Ze lopen rechts en links tegelijk. De afzonderlijke fasen in detail:

  • Spanningsfase: wanneer het hart gevuld is met bloed, beginnen de spiercellen van de ventrikels samen te trekken en de druk in de hartholte te verhogen (isovolumetrisch werk), maar zonder samentrekking, aangezien alle hartkleppen zijn gesloten.

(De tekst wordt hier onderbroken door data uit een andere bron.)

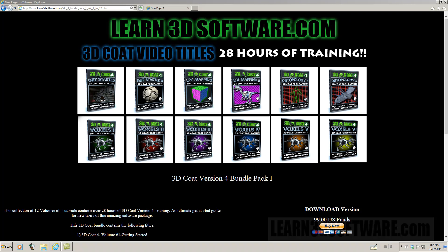It's a great series for people who are just getting started and people who are new to the software.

De druk in het ventrikel is hoger dan in het atrium, daarom zijn de zeilkleppen gesloten.

    Ook bij de uitvoering schepen (rechts: pulmonaal slagader = truncus pulmonalis, links: aorta) de bloeddruk hoger is dan de druk in het ventrikel, daarom zijn de pocketkleppen ook gesloten.

  • Uitdrijvingsfase: De kamerspieren verhogen constant de druk in de kamer (spannen) totdat deze de bloeddruk van de schepen het uitvoeren van de uitzetting. Op dit moment gaan de pocketkleppen open en stroomt het bloed vanuit de kamers naar de voorstelling schepen. De druk die nu heerst, wordt het systolisch genoemd bloeddruk (de hogere waarde bij het meten van de bloeddruk, ca.

    120 mmHg). Terwijl bloed uit de kamer wordt gespoten, neemt het volume en dus de druk af. Dit proces gaat door totdat de druk in de kamer onder de druk in de presterende vaten daalt (diastolische bloeddruk - de laagste van de twee gemeten waarden, ca.

    80 mmHg). Zodra dit punt is bereikt, worden de pocketkleppen weer passief gesloten (door de schijnbaar omkerende bloedstroom) en wordt de systole beëindigd. In totaal werd 60-70 ml uit het hart verdreven, wat overeenkomt met een ejectiefractie van 50-60% van het totale bloed in het ventrikel.

  • Ontspanning fase: Tijdens deze fase verslappen de hartspiercellen, waarbij alle hartkleppen zijn gesloten vanwege de drukverschillen naar het instroompad (atria) en het uitdrijfpad.
  • Vulfase: Door de gesloten zeilklep kon het bloed uit het atrium de kamer niet meer binnen, waardoor hier nu meer bloed is opgevangen.

    Zodra de druk in het atrium de druk van de (relatief lege) kamer overschrijdt, begint de vulfase en kan het bloed terug de kamer in stromen. Het vullen wordt vergemakkelijkt door de ontspanning van de kamerspieren. De kamer ontspant en keert terug naar zijn oorspronkelijke positie.

    Omdat het bloed in het hart niet meer van positie verandert, draaien de zeilkleppen nu letterlijk het bloed om dat zich eerder op de gesloten zeilkleppen verzamelde. Dit mechanisme wordt het klepniveaumechanisme genoemd en verklaart waarom na het eerste derde deel van de vulfase 3⁄4 van de kamervulling al bereikt is - en dus waarom men ook een verkorting van de vulfase kan accepteren zonder een groot verlies aan effectiviteit. Aan het einde van de vulfase is er een ondersteunende samentrekking van de atriale spieren om de resterende hoeveelheid bloed in de kamer te dwingen.